DIRECTIONS FOR THIS TASK =
In the copy, include all of the listing exactly and none of its pictures.

RECORDS FOR THIS TASK =

=== Begin Enclosure ===

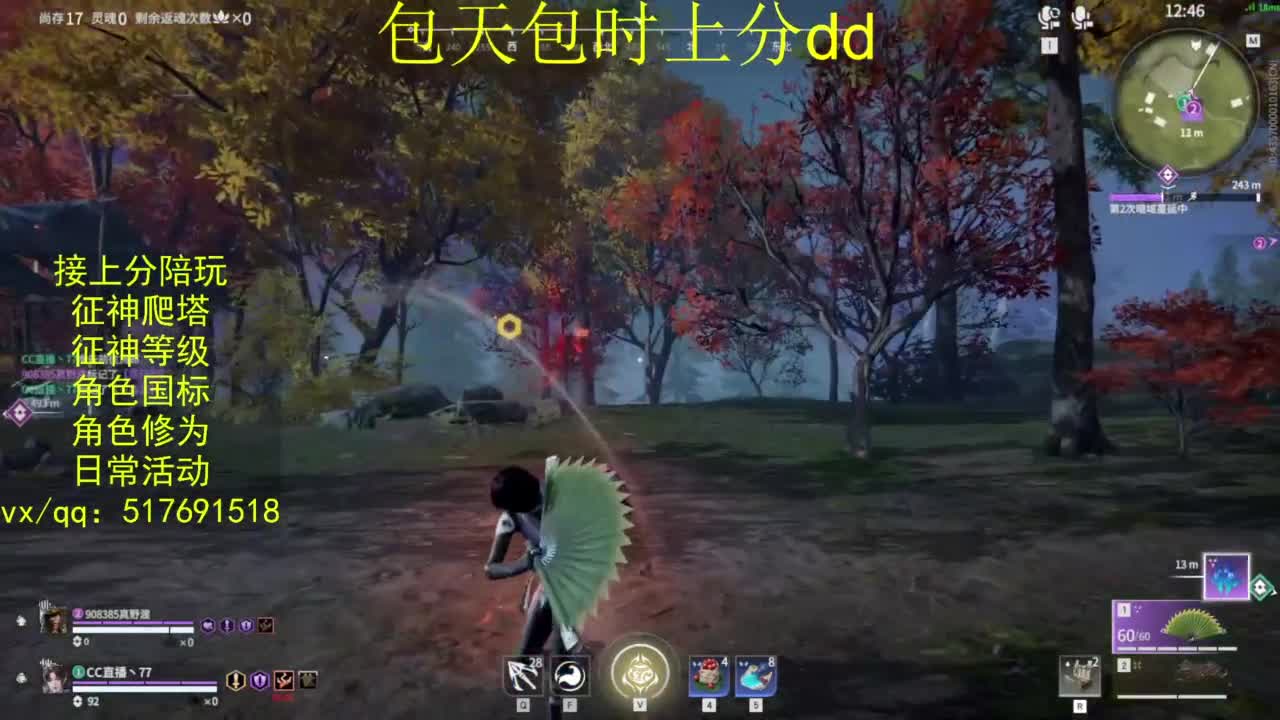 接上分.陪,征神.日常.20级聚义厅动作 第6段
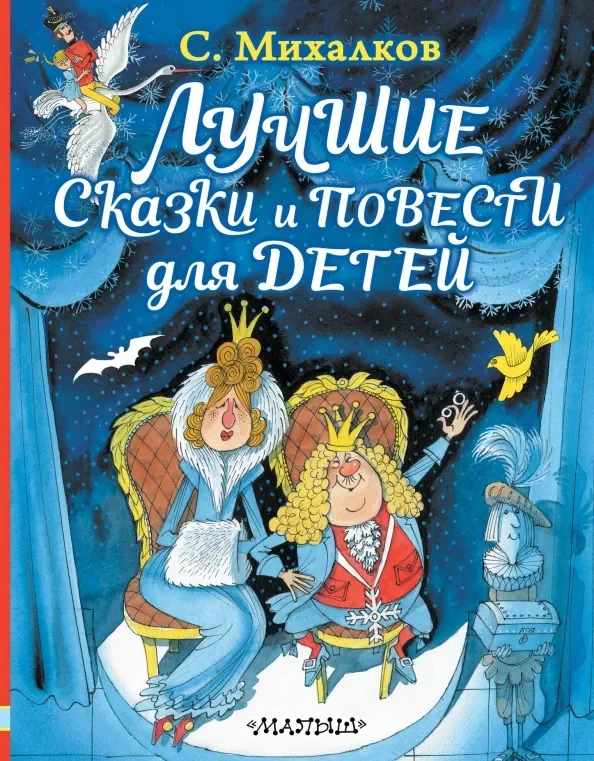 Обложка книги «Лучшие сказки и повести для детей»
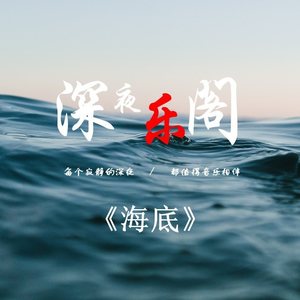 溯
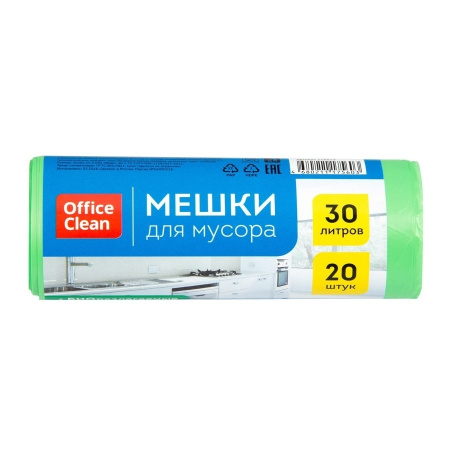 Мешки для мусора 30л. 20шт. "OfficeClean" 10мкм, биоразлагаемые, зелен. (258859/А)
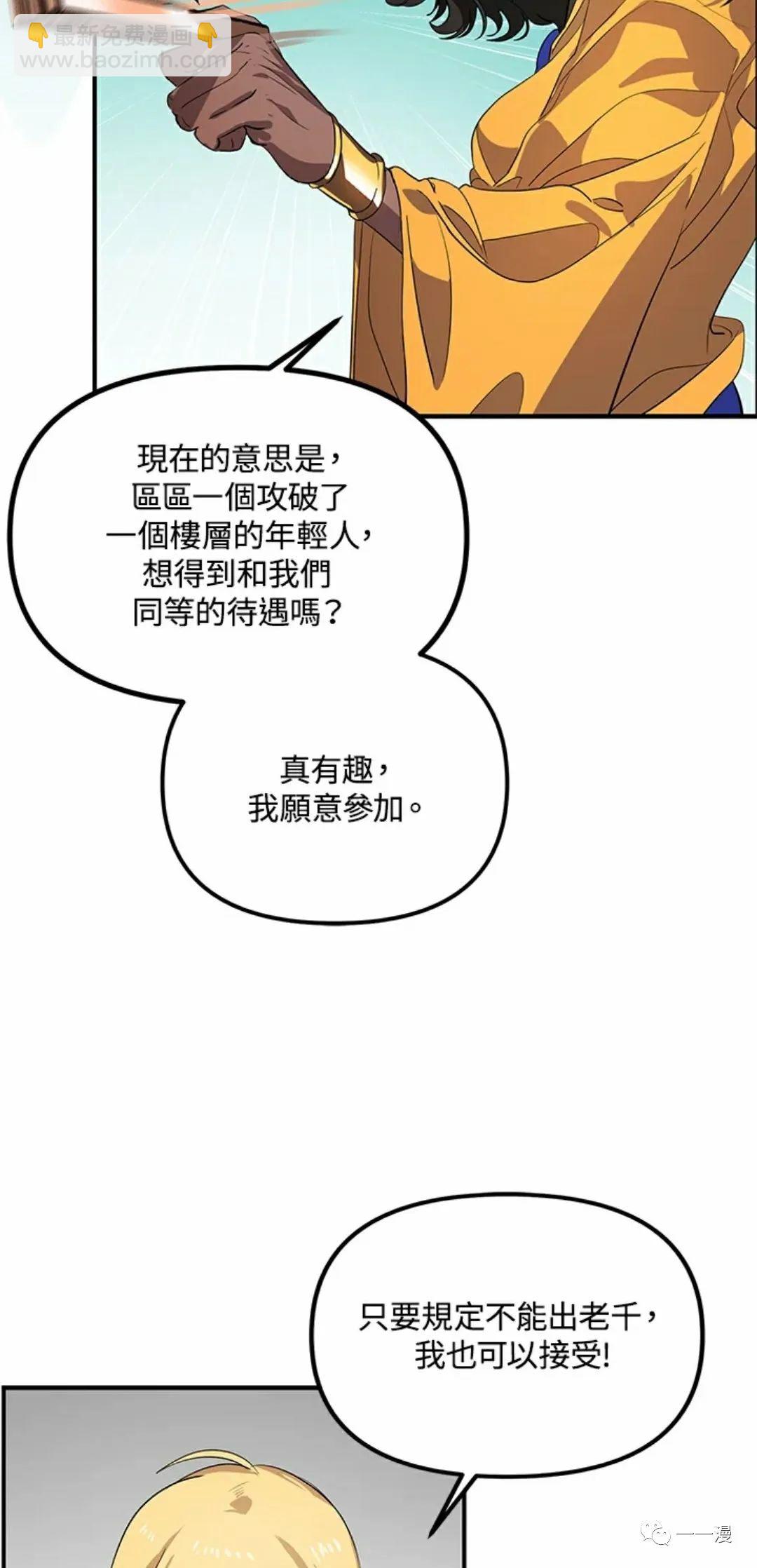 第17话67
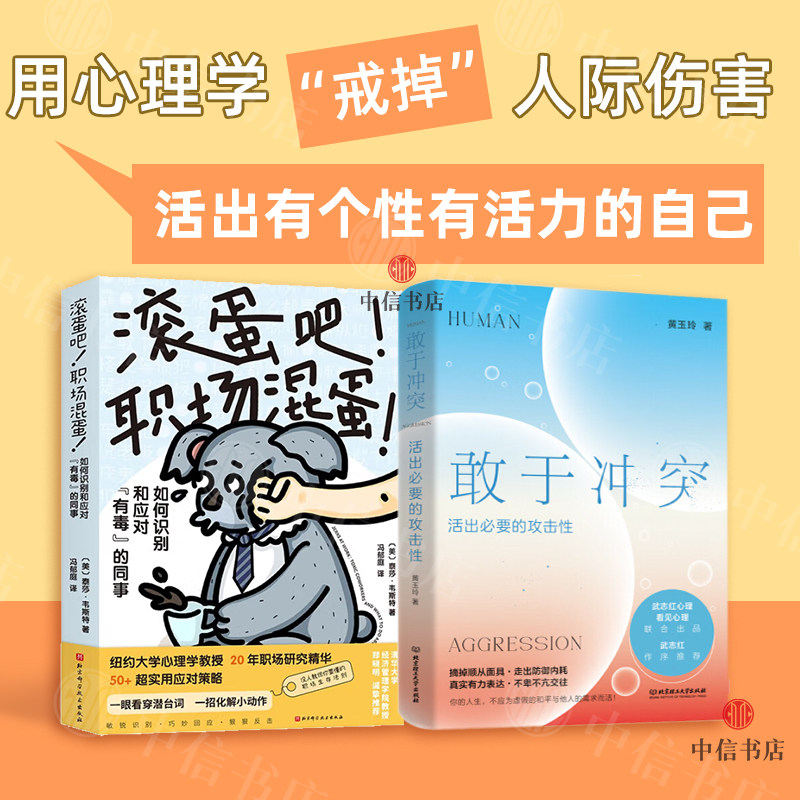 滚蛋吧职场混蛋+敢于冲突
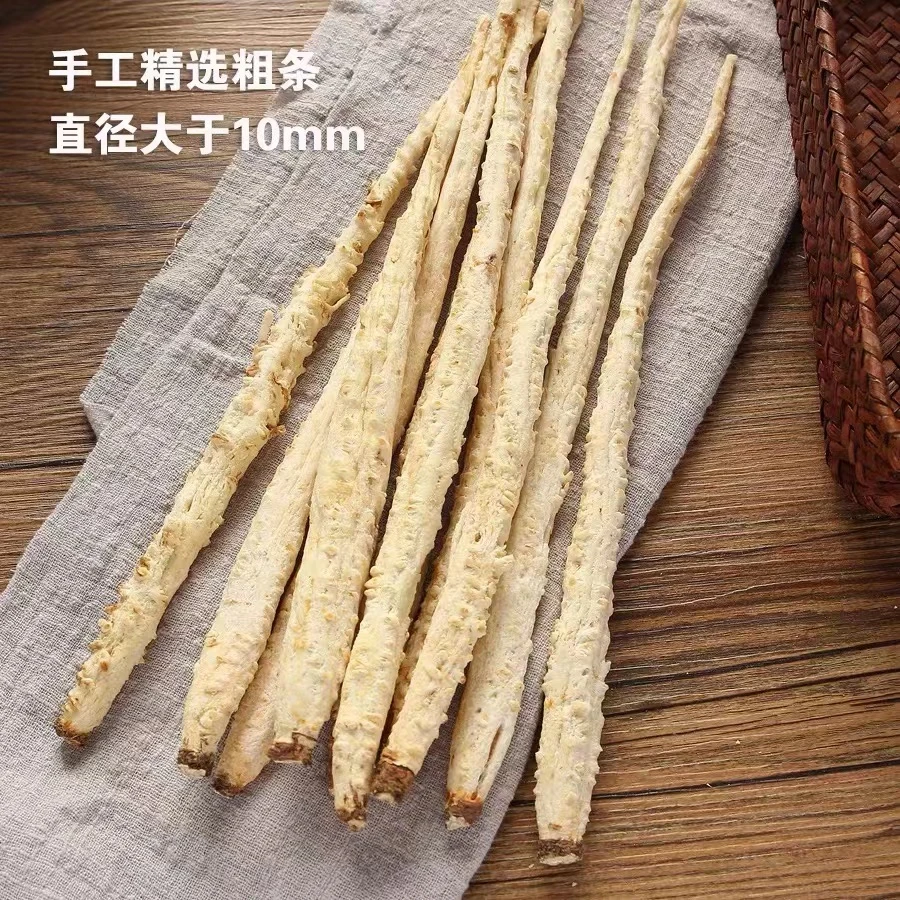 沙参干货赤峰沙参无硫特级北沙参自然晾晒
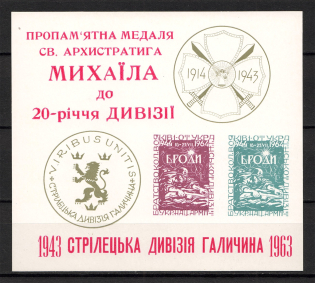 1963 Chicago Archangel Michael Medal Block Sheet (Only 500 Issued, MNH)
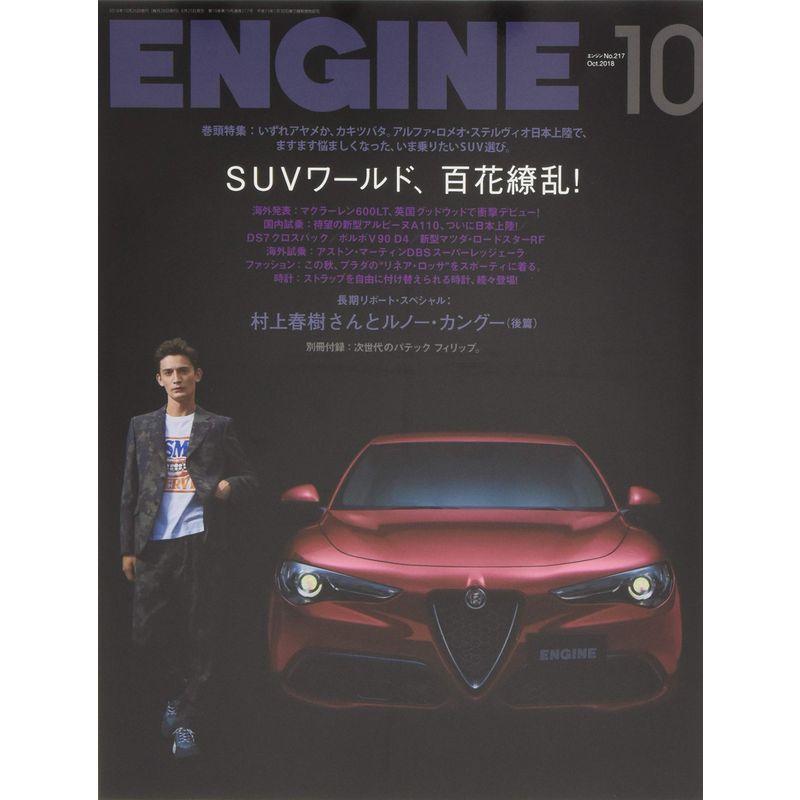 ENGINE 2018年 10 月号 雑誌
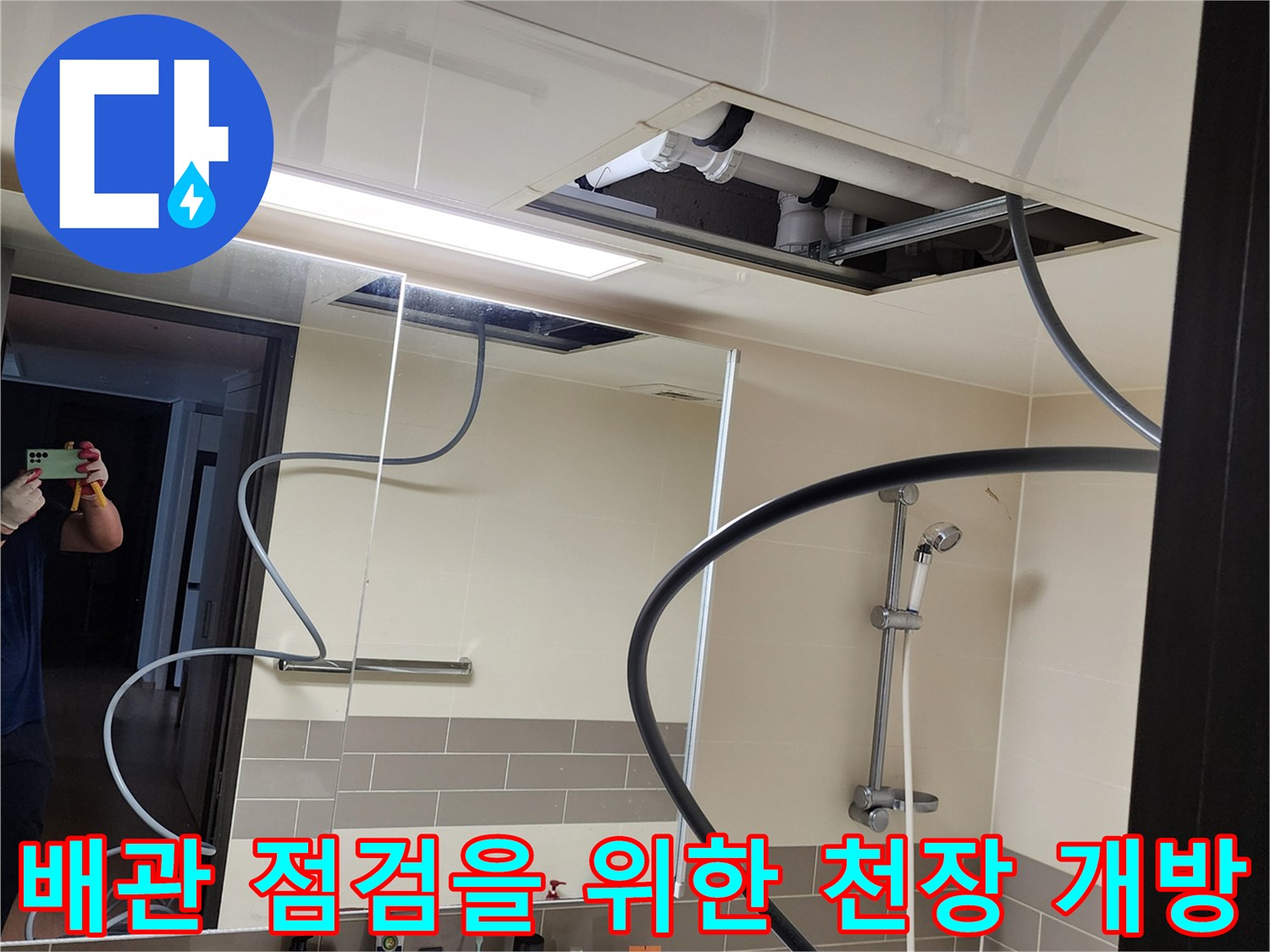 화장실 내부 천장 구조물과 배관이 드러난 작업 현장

=== End Enclosure ===

RESULT OF THE TASK =
 接上分.陪,征神.日常.20级聚义厅动作 第6段
 Обложка книги «Лучшие сказки и повести для детей»
 溯
 Мешки для мусора 30л. 20шт. "OfficeClean" 10мкм, биоразлагаемые, зелен. (258859/А)
 第17话67
 滚蛋吧职场混蛋+敢于冲突
 沙参干货赤峰沙参无硫特级北沙参自然晾晒
 1963 Chicago Archangel Michael Medal Block Sheet (Only 500 Issued, MNH)
 ENGINE 2018年 10 月号 雑誌
 화장실 내부 천장 구조물과 배관이 드러난 작업 현장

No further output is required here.